Annual Evaluation and Updates —

Guidelines are evaluated annually beginning 2 years after publication for new potentially practice-changing studies that could result in a guideline update. In addition, the Guideline Subcommittee will commission a replacement or reaffirmation within 5 years of publication.

Full-Text Guideline —

The reader is encouraged to consult the full-text guideline supplement for the supportive text, abbreviations list, and additional information on radiation therapy for cervical cancer because the executive summary contains limited information.

Key Questions and Recommendations.

Key Question 1: Postoperative RT with and without systemic therapy (Table 2)

See evidence tables in supplementary materials for the data supporting the recommendations for KQ1.

Following primary surgery for cervical cancer, when is it appropriate to deliver postoperative RT with or without systemic therapy?

Key Question 2: Definitive RT with and without systemic therapy; hysterectomy after RT (Table 3)

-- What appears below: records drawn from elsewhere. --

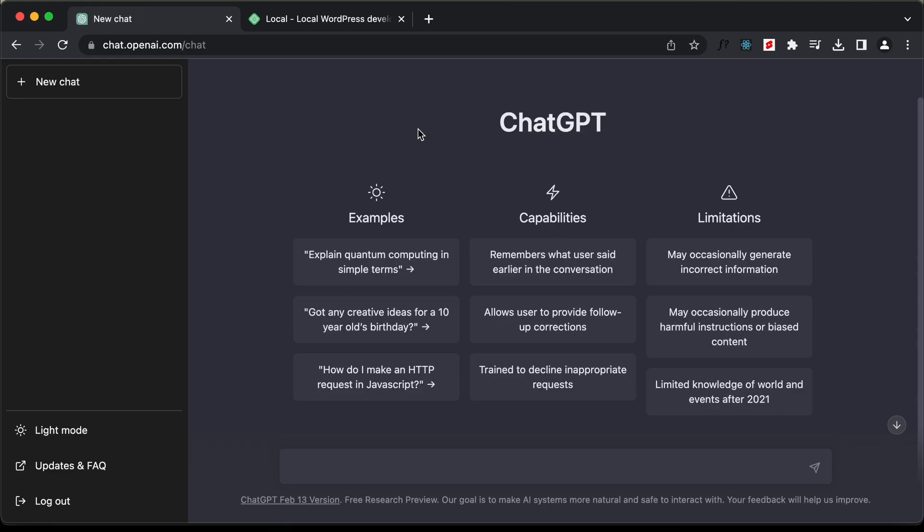Hi everybody. Welcome to GT Coding. In this video, we will try to create a WordPress plugin using ChatGPT.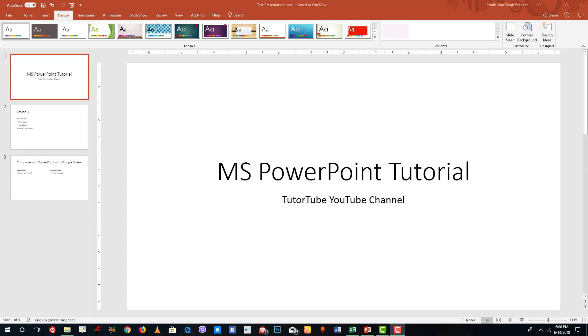Hello YouTube and welcome to lesson 6 of the Microsoft PowerPoint tutorial series. Today we're going to look at how to apply themes to existing slides.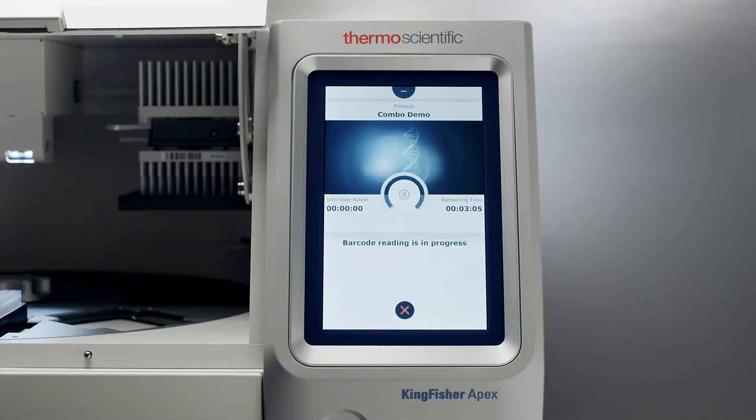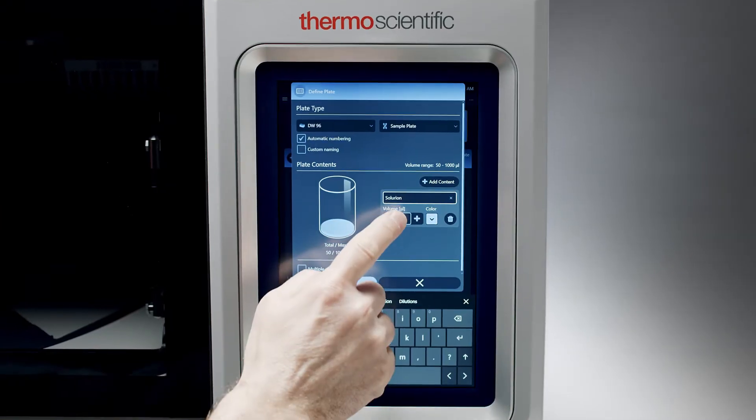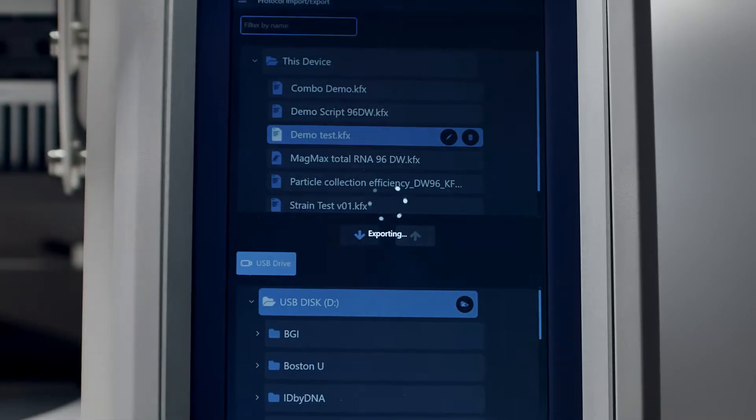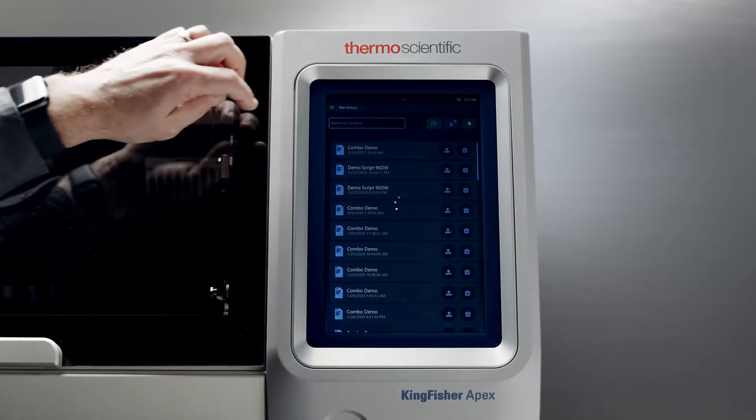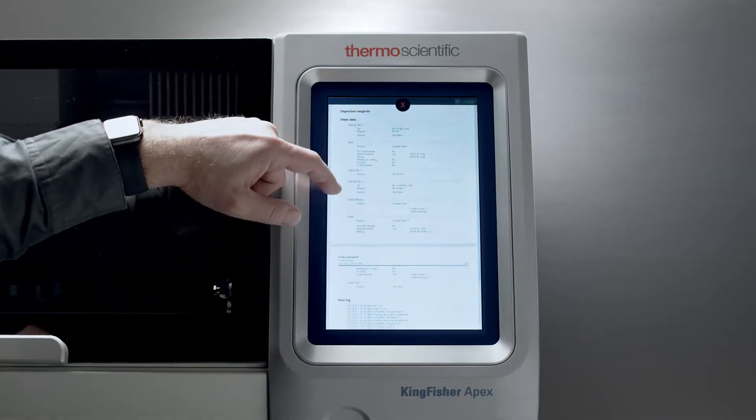Or you can work from your PC. Download the software, edit your protocols, and transfer them back. When it's done, generate run reports in PDF or XML format.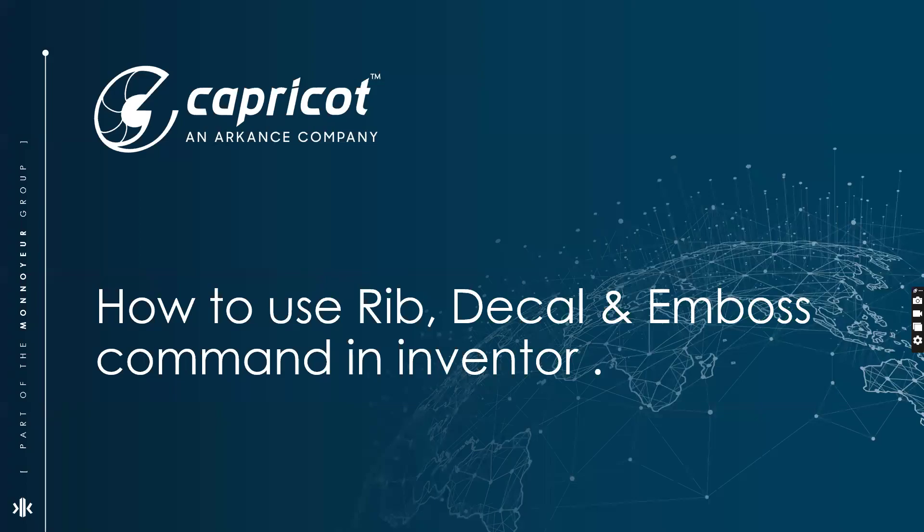Hello everyone, I hope you all are doing well. Myself Sunil Kumar Jaiswal, solution consultant for manufacturing at Capricot Technologies Private Limited, and I would like to welcome you all to Tech Tuesday video. Today the topic is how to use Rib, Decal, and Emboss command in Inventor.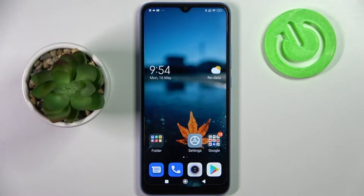Hi! In front of me is Xiaomi Redmi 10C and today I would like to show you how you can use AppLock on this smartphone.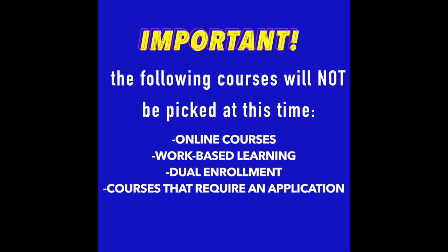Remember, the goal is to get six credits. However, if you're taking an online course, dual enrollment, or courses that require an application, or work-based learning, you will not reach six credits at this time.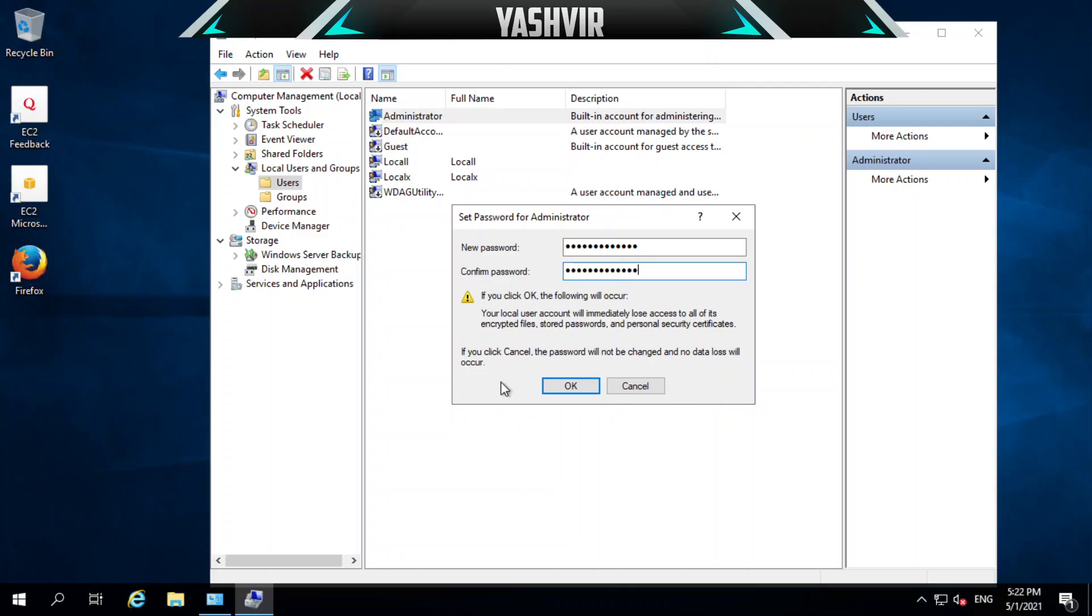Once you hit OK, your old password, the default password, is going to be automatically changed to this password. I'm going to hit OK, and as you can see, the password has been set.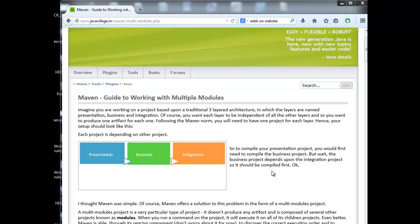How to work with multiple models. Imagine we are working on a project based upon a traditional three-layered architecture in which the layers are named presentation, business, and integration. Of course you want each layer to be independent of all other layers, and so you want to produce one artifact for each one following the mapping. You will need to have one project for each layer, so your setup should look like this. We have three layers and three projects.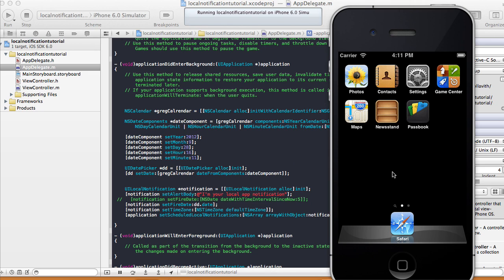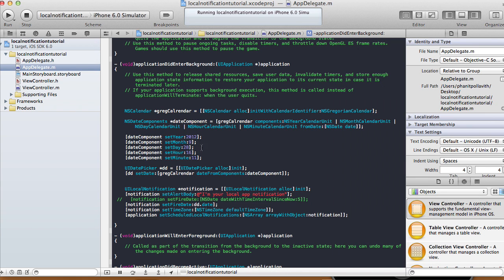That's how you set the specific date and time to send your notifications — set your year, month, day, hour, and minute using NSDateComponents, pass them to the Gregorian calendar to get a date, set that as your UIDatePicker's date, and use dd.date as your fire date. That's the end of this tutorial. You've learned how to send notifications to your users even though your app is not currently running. Thanks for watching and I'll see you next time.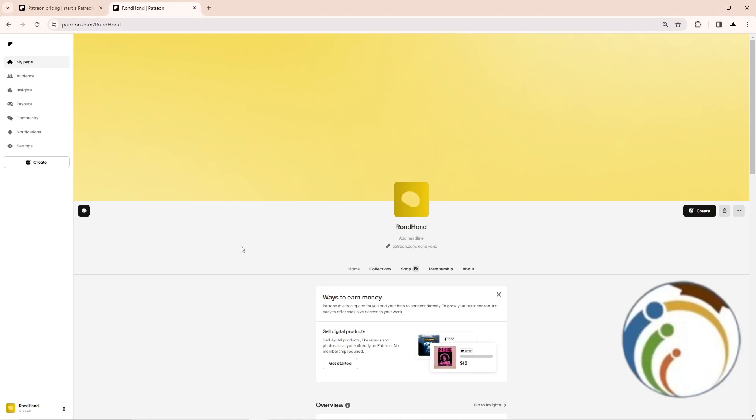Hello guys, welcome back. Today I'm going to show you how you can start to create collections on Patreon.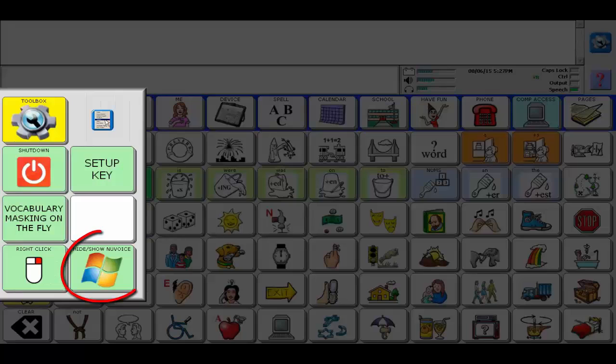Once the device restarts, you can get to the desktop from the user keys. Select hide show new voice.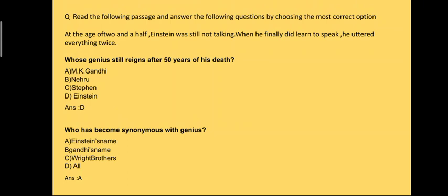Question one: whose genius still reigns after 50 years of his death? The answer is, as per the passage, option D, that is Einstein, who has become synonymous with genius. Answer is option A, that is Einstein.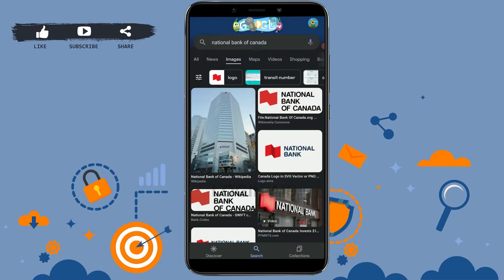Hello everyone, welcome back to the Login Aid channel. Today in this video I will be showing you how you can login into the online banking account of National Bank of Canada. First of all, you need to download the application from the Google Play Store.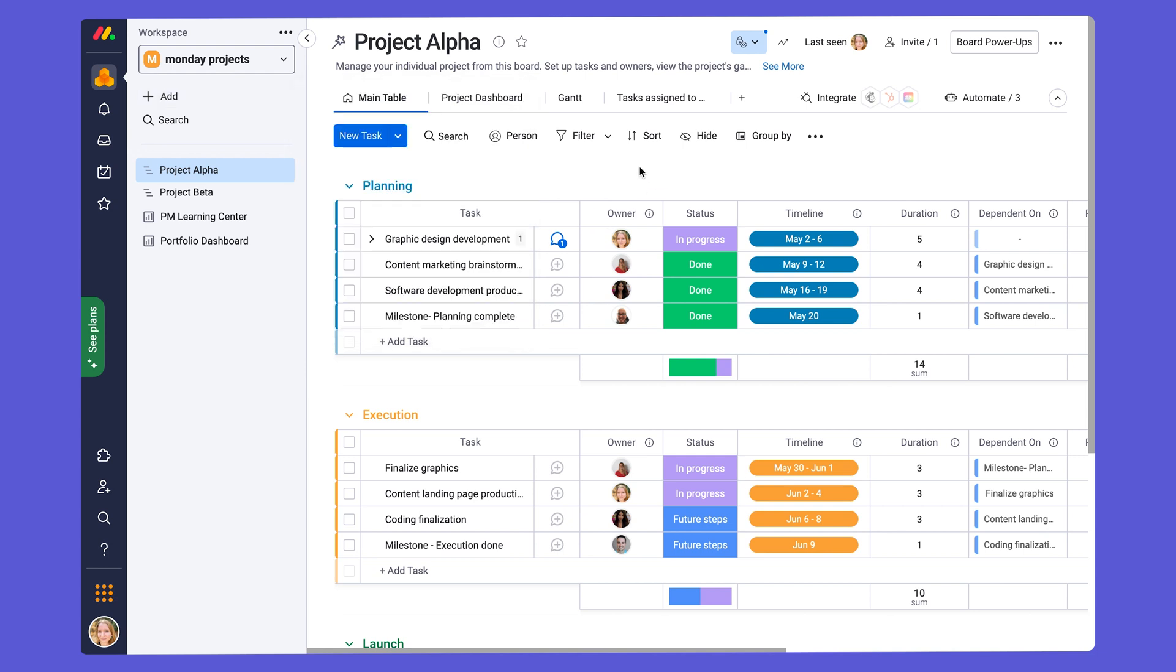Awesome! Now that we have covered the main components of this board, join me in the next video where we will explore the Gantt chart.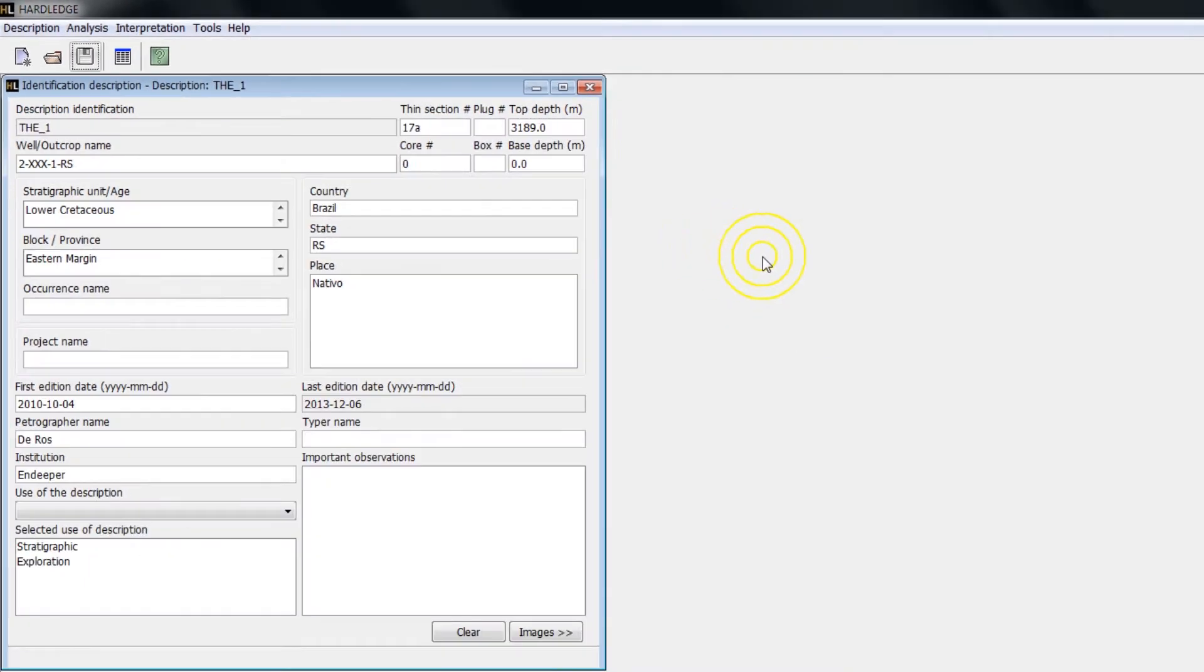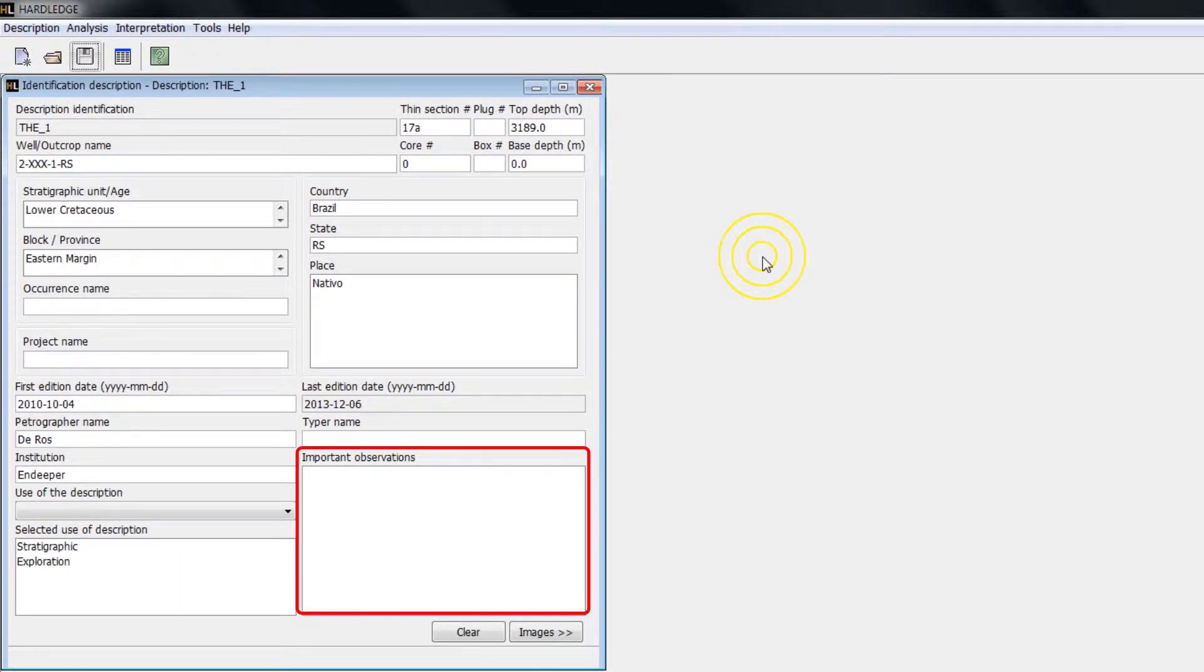Data on the location of the sample can be informed. The field Important Observations is a text annotation space where you can summarize the most important features observed in the sample, including classification, major textural characteristics, as well as primary and secondary processes and constituents.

See evidence tables in supplementary materials for the data supporting the recommendations for KQ2 and Figure 1 for a visual representation of the cervical cancer recommendations.

When is it appropriate to deliver definitive RT with and without systemic therapy? When is it appropriate to perform a hysterectomy after RT for cervical cancer?

Key Question 3: Intensity modulated radiation therapy (Table 4)

See evidence tables in supplementary materials for the data supporting the recommendations for KQ3.

For patients receiving definitive or postoperative RT for cervical cancer, when is it appropriate to deliver IMRT?

Key Question 4: Brachytherapy (Table 5)

See evidence tables in supplementary materials for the data supporting the recommendations for KQ4.

For patients receiving definitive or postoperative RT for cervical cancer, when is brachytherapy indicated?

Key Question 5: Brachytherapy technique (Table 6)

See evidence tables in supplementary materials for the data supporting the recommendations for KQ5, and see Figure 3 for a visual representation of the recommendations for locally advanced cervical cancer.

For patients receiving definitive RT for cervical cancer, what is the optimal dose/fractionation schedule, imaging, and technique for the delivery of brachytherapy?